日中のために夜間があり夜間のために日中がある
新幹線の安全性や快適性を維持するためレールは定期的に「更換」される。 「レールを新しいものに更新するという意味を込めて〝交換〟ではなく〝更換〟という字を用いると聞いています」(保院さん) 「累積通過トン数」という列車の通過回数に類した数値に基づく周期で更換されるほか、列車が繰り返し走行することでレールに疲労や磨耗、ひび割れなどの損傷が生じることもあるため、「レール探傷車」という車両が走行しながらレールの状態をチェックし、基準値を超えた箇所については更換が行われる。 今回行われた作業は更換に向けた事前調査。レール切断位置を確認するとともに、重機の移動経路の確認も行う。後日行われる作業は現在のレールを切断して取り除き、新しいレールを取り付け、前後のレールと溶接するという大掛かりな作業であり、数十人の作業員と複数の重機を駆使して行われる。仕上がり状態を確認し、現場から撤収する時間も含めれば午前4時には作業を終えている必要がある。
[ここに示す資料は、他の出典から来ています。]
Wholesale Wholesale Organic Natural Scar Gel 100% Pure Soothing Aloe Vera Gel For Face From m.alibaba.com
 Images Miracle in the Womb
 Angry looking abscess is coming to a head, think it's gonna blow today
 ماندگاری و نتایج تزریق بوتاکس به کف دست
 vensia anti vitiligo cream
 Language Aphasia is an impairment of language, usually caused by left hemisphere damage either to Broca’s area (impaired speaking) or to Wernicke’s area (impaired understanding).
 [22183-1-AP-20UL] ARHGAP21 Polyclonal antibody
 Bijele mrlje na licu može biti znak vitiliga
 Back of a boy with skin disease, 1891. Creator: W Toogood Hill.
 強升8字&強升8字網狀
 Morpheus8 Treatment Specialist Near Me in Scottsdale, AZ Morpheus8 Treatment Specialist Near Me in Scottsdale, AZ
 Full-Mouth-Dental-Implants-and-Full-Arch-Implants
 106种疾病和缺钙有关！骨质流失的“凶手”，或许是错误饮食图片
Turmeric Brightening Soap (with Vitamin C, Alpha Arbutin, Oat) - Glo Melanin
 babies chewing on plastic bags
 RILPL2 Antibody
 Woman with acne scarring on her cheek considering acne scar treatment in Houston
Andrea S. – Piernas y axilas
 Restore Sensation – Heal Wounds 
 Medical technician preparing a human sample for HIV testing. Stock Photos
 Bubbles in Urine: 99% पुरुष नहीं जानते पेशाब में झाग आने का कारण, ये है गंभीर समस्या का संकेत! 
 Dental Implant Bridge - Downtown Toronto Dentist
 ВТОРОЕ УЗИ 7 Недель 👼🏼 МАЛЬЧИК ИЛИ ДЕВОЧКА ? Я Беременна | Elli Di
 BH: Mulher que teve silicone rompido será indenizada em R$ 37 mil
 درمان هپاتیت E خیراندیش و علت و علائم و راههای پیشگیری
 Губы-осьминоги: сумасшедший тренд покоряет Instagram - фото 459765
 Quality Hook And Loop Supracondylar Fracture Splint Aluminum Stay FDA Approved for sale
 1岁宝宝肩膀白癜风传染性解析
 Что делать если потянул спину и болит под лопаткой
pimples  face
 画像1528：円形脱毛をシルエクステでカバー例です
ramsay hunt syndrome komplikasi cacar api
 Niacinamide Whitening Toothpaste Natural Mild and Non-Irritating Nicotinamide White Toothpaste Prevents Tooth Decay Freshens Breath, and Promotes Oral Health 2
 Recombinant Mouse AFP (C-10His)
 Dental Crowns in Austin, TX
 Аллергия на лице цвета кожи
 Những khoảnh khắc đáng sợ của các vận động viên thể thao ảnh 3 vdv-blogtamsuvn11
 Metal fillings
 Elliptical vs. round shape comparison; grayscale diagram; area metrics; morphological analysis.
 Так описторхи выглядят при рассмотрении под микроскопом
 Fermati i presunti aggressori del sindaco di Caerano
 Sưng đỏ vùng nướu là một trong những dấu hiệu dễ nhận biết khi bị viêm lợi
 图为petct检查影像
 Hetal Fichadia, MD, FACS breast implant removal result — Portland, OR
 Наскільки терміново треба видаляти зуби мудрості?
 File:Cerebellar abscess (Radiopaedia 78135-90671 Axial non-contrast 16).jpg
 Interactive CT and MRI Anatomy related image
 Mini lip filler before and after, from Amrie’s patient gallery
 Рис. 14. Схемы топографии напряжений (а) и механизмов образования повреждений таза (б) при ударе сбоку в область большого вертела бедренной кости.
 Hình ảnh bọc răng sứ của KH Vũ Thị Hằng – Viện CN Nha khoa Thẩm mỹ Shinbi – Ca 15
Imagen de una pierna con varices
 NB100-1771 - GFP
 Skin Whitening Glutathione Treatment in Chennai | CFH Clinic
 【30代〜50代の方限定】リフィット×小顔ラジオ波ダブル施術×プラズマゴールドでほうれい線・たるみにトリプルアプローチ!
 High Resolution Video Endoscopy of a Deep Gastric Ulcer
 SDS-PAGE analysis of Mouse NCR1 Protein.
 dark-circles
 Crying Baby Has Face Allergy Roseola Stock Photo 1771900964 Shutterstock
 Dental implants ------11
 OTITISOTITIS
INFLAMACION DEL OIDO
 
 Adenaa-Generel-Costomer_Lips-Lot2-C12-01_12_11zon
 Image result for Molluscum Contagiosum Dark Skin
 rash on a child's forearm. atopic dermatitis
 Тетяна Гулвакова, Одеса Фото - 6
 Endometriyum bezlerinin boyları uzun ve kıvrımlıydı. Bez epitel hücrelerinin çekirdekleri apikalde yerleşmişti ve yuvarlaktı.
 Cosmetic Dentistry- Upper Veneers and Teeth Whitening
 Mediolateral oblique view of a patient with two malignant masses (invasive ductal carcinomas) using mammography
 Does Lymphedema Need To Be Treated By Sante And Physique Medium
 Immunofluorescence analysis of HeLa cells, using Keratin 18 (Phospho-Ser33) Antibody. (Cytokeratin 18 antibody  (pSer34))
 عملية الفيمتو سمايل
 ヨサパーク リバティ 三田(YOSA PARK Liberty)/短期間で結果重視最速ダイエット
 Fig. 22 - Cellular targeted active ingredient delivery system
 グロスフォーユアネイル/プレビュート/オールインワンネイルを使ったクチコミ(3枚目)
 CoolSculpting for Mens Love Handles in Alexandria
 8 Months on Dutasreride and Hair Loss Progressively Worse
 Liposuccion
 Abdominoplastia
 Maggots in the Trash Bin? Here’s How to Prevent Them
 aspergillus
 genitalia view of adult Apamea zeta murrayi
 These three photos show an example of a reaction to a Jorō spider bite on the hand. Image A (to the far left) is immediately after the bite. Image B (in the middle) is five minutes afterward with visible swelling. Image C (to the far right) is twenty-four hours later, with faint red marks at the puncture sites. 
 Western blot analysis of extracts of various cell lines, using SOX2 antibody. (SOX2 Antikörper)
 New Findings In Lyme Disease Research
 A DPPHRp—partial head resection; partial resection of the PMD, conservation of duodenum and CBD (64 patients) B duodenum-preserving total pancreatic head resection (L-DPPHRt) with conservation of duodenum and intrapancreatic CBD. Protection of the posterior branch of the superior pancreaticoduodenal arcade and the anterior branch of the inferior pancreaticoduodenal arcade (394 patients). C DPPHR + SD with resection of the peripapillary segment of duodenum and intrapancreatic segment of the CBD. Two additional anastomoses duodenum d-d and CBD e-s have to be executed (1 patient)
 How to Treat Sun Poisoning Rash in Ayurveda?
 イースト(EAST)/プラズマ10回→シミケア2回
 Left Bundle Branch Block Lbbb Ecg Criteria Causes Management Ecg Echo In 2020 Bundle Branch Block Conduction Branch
拙速は禁物とはいえ、作業時間に余裕はない。 「夜間に作業をする時間は限られているので、できるだけ事前に準備して現場での作業時間を短くする。〝現場では必要最低限のことだけにとどめる〟というのが理想です」(保坂さん) 現場に持ち込むレールと元のレールの長さがわずかでも違っていたら更換作業に手間取り、始発列車が時間どおり走れないという事態につながりかねない。それだけに測り間違いは許されない。念入りにレールの長さを測っていたわけがようやく理解できた。 保坂さんに1日の仕事の流れを聞いた。夜間に現場作業がある日は、朝8時に出社すると大井保守基地に出向き、レールなどの積み込み確認を行う。その後はオフィスに戻ってJR東海のスタッフらと当日の作業内容について打ち合わせを行い、現場に持ち込む機材の準備をして夜に備える。そして夜間の作業を行い、終わった後は報告書をまとめて朝6時に勤務終了となる。合間に休憩があり、翌日は非番になるとはいえ、タフなスケジュールだ。 一方の保院さんも今でこそ日勤のデスクワークが中心だが、昨年までは保坂さんと一緒に現場で仕事をしていた。 「夜間の作業中の騒音や振動が苦情になることがないよう気を付けて作業していますが、事前に沿線にお住まいの方々に広報活動を行い、ご理解をいただくことも重要です」(保院さん) 保院さんと保坂さんの話を聞いて、夜間の工事がスムーズに進むかどうかは昼間の事前準備にかかっているということがよくわかった。新幹線の安全・安定輸送が夜間の保守作業に支えられていることを知っている人は多いが、夜間の保守作業を昼間の準備作業が支えていることはあまり知られていないのではないか。